Denzel Washington’s name has been brought up in the ongoing story regarding the Sony Pictures hack. The Independent reports that an unnamed producer told Sony chairman Michael Lynton that African Americans are not well received by overseas audiences due to racism.
“I believe that the international motion picture audience is racist – in general pictures with an African American lead don’t play well overseas,” the unnamed producer said in an e-mail.
The producer goes on to praise Washington’s work.
“I am not saying The Equalizer should not have been made or that African American actors should not have been used (I personally think Denzel Washington is the best actor of his generation),” the producer continued. “Casting him is saying we’re okay with a double [baseball term] if the picture works. He’s reliable at the domestic [box office], safe, but has not had a huge success in years. I believe whenever possible the non-event pictures, extra ‘bets’, should have a large inherent upside and be made for the right price. Here there isn’t a large inherent upside.
“But Sony sometimes seems to disregard that a picture must work well internationally to both maximise returns and reduce risk, especially pictures with decent size budgets,” the producer added, saying that a sequel to Washington’s Equalizer would be “a double with a remote chance of a home run.”
The electronic attack on Sony has revealed many details about the company, including a racist exchange about President Barack Obama.
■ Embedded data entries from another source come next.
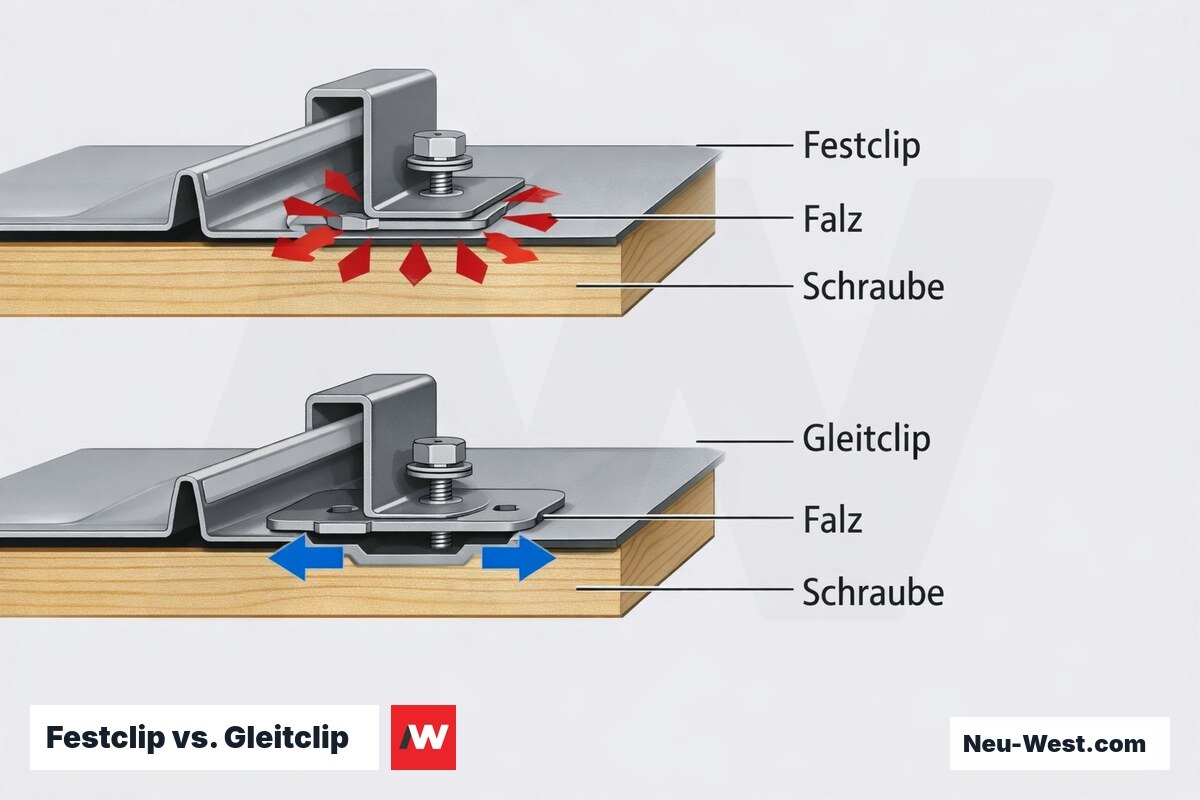 Festclip vs. Gleitclip – Funktionsprinzip und Wärmebrückenwirkung im Querschnitt – Erklär-Grafik (NEUWEST Berlin)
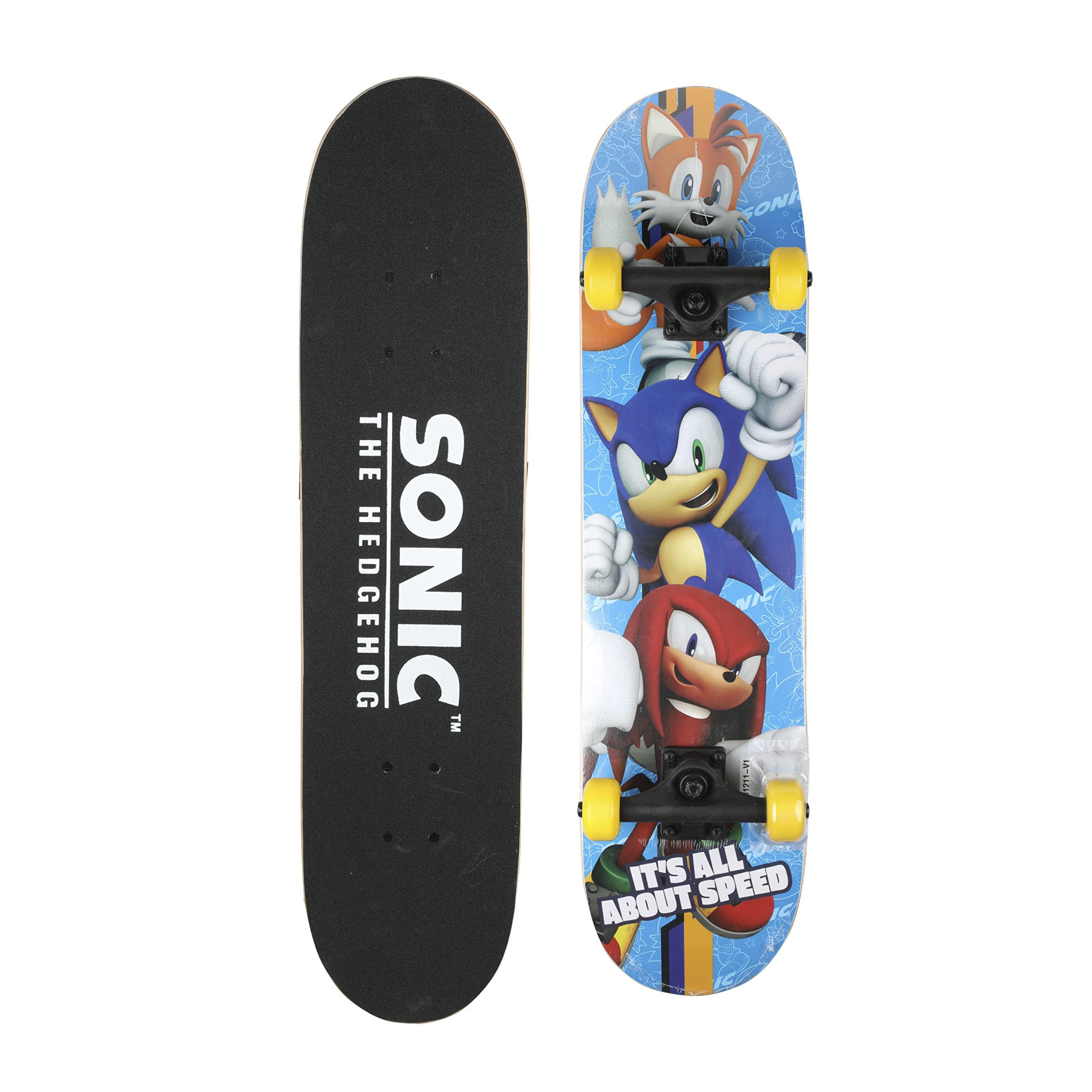 Sonic The Hedgehog 78,7 cm Skateboard, 9-lagiges Ahorn-Schreibtisch-Skate-Board für Cruising, Carving, Tricks und Downhill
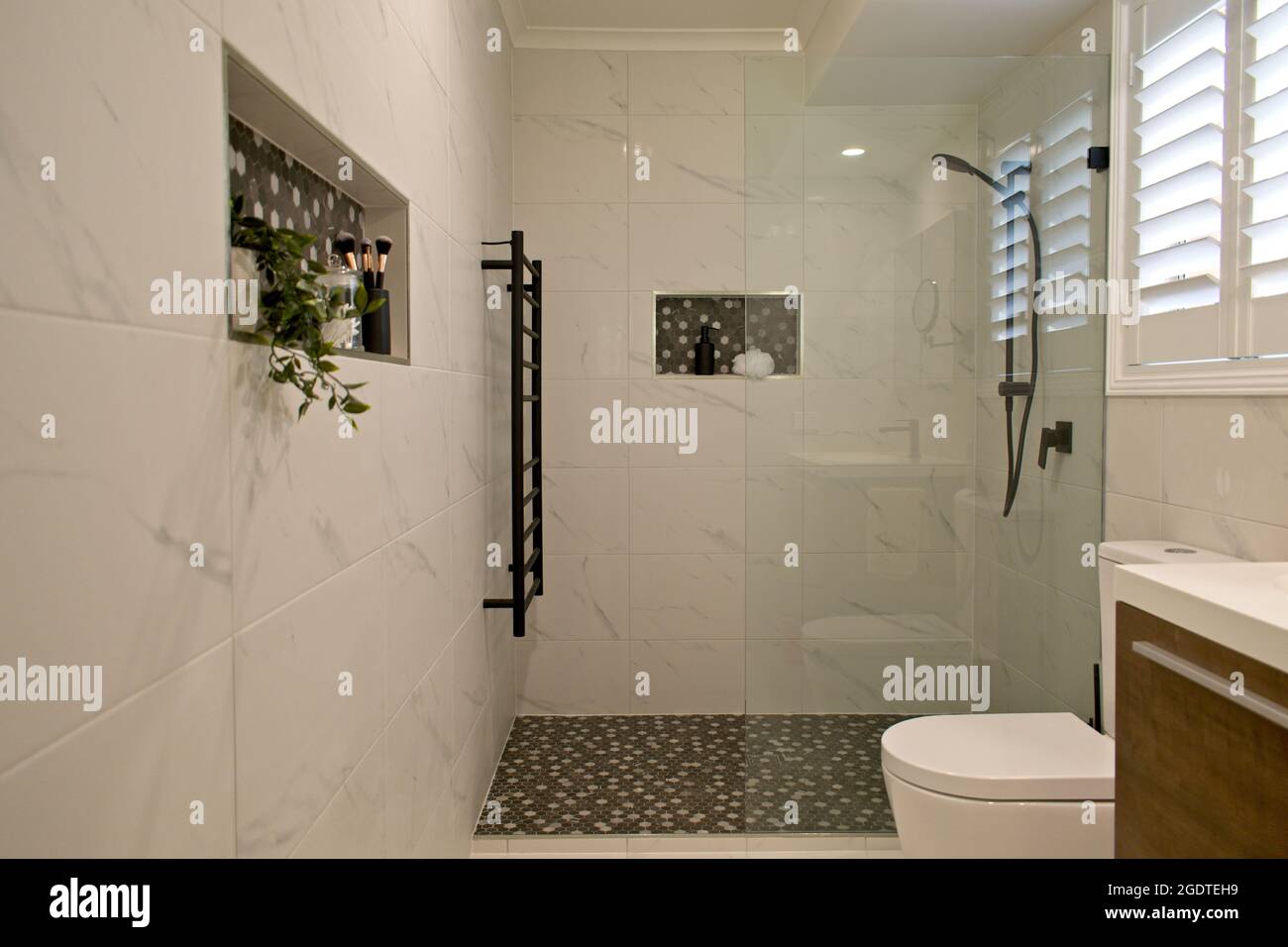 Salle de bains attenante de luxe avec volets de plantation Banque D'Images
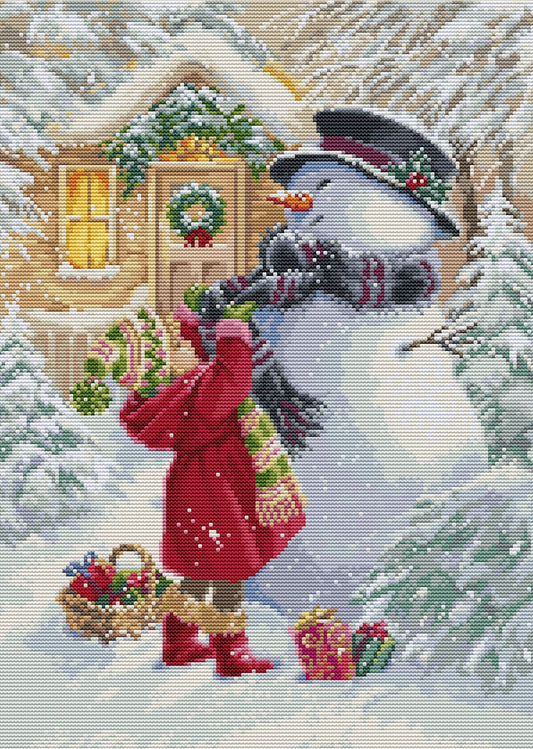 Cross stitch kit Luca-S - BU5018 Little girl with gifts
The hacks also unveiled some of the company’s plans, including a Kanye West film project.
The Sony hacks were ordered due to the studio’s plans to release The Interview, a $44 million James Franco and Seth Rogen film about the assassination of Kim Jong-un, the leader of North Korea, according to the New York Times. Those hacks and subsequent terrorist threats against theaters have since prompted Sony Pictures to announce the cancellation of the planned Christmas release of the film.